Intersexualität ist keineswegs eine absolute Seltenheit. Eines von 4.500 Kindern ist nicht eindeutig den Geschlechtern männlich oder weiblich zuzuordnen. Bei anderen werden nicht bei der Geburt, sondern erst in der Pubertät oder im Erwachsenenalter Unterschiede erkennbar. Ihre Körper entsprechen nicht den medizinischen Geschlechtskategorien. 8.000 bis 12.000 intersexuelle Menschen leben laut der Bundesregierung in Deutschland. Die Statistiken gehen aber weit auseinander. Das Problem liegt in der schwierigen Datenerhebung. Denn ein Eintrag als „inter“ im Geburtenregister war bisher nicht möglich, gab es doch nur die Wahl zwischen männlich, weiblich und — seit vier Jahren — der Option „offen“.
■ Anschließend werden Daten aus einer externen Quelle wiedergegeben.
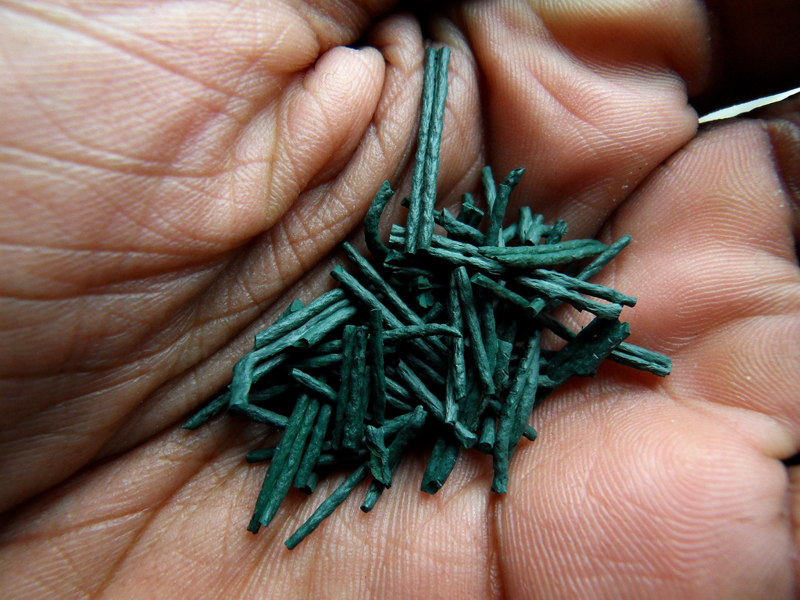 Spirulina2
2013 wurde das Personenstandsgesetz schon einmal geändert. Jedoch beschränkte sich die Änderung darauf, dass bei einem nicht eindeutigen Geschlecht der Geschlechtseintrag lediglich frei bleiben darf. Diese Option bringt für die Betroffenen aber Nachteile mit sich. So kann diese „Lücke“ beispielsweise die Einreise in andere Länder erschweren — Pässe ohne Geschlechtseintrag sind nicht üblich. Der Lesben- und Schwulenverband in Deutschland (LSVD) fürchtet erschwerte Einreise-kontrollen. Aber auch die Definitionen des Begriffes Intersexualität variieren und erschweren die Erstellung von Statistiken. So berücksichtigte die Bundesregierung in ihrer Zählung lediglich „schwerwiegende Abweichungen der Geschlechtsentwicklungen“.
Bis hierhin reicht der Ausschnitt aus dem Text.